The Patriots and the European Central Bank Have a Deflation Problem

At a press conference last week, the leader of an illustrious organization told reporters that, although he had no explanation for recent deflation, measures would be taken to prevent further deflation. For the New England Patriots football team, such measures include inflating game balls below quarterback Tom Brady’s preference for the lower-end of the league mandated 12.5 to 13.5 pounds per square inch range.

In the case of the European Central Bank , it means injecting 60 billion Euros into the economy each month in a new and expanded round of quantitative easing. Both efforts are inflationary and, according to some, necessary. While, as Brady explained, the deflated ball situation “isn’t ISIS…no one’s dying,” economic deflation has far more serious consequences. Global central banks have engaged in massive quantitative easing since Japan introduced the practice in the early 2000s. The ECB is arriving late to this solution largely due to resistance from the Germans caused by their fear of rampant inflation.

But The Economist and Nobel Laureate Paul Krugman both tell us deflation, not inflation, is the greater cause for concern, having provided the “toxic” soil necessary for Nazism to flourish in the early 1930s. Why? If the money in your bank account will purchase more goods tomorrow than today without any effort on your part, why bother spending now? If the purchasing power of your savings account is going up, so is the value of the debt you must repay, another disincentive to go out and buy things.

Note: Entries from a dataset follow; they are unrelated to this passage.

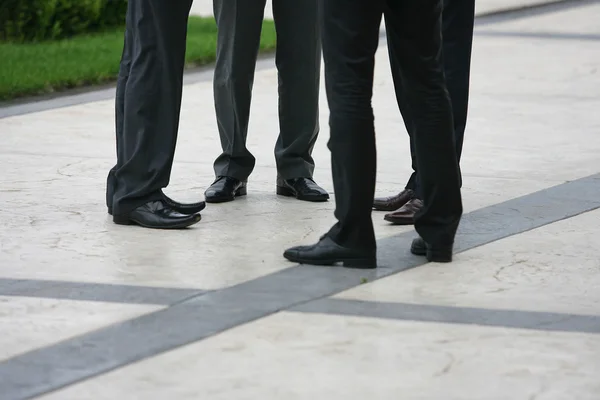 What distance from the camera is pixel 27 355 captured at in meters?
3.75

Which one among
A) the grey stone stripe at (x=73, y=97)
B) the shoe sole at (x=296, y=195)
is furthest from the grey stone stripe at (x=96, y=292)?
the grey stone stripe at (x=73, y=97)

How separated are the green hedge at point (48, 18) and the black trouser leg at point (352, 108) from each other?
7.96 meters

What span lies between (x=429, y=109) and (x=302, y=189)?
133 centimetres

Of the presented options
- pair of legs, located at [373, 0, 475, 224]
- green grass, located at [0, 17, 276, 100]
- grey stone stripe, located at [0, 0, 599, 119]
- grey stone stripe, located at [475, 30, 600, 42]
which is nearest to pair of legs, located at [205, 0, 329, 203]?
pair of legs, located at [373, 0, 475, 224]

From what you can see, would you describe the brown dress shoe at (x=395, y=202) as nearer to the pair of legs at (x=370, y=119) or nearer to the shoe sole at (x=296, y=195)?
the shoe sole at (x=296, y=195)

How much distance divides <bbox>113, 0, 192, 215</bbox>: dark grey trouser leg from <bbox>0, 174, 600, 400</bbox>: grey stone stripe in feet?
2.98

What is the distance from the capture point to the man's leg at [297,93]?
5.92m

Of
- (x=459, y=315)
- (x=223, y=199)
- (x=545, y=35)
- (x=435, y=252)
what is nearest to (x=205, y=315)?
(x=459, y=315)

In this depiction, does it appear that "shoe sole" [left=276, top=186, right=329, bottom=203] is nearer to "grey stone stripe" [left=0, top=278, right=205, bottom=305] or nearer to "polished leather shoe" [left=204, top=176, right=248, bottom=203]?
"polished leather shoe" [left=204, top=176, right=248, bottom=203]

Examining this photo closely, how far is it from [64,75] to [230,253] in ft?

The result is flagging GDP mired in a downward spiral that Japan’s experience proves is very difficult to reverse. Fear of deflation explains why the ECB announced additional quantitative easing, but the question remains whether it will be enough. Domestic interest rates are weighed down by global deflation, and until we see a meaningful increase in consumer spending domestically, and perhaps globally, the argument for higher interest rates will resonate less and less.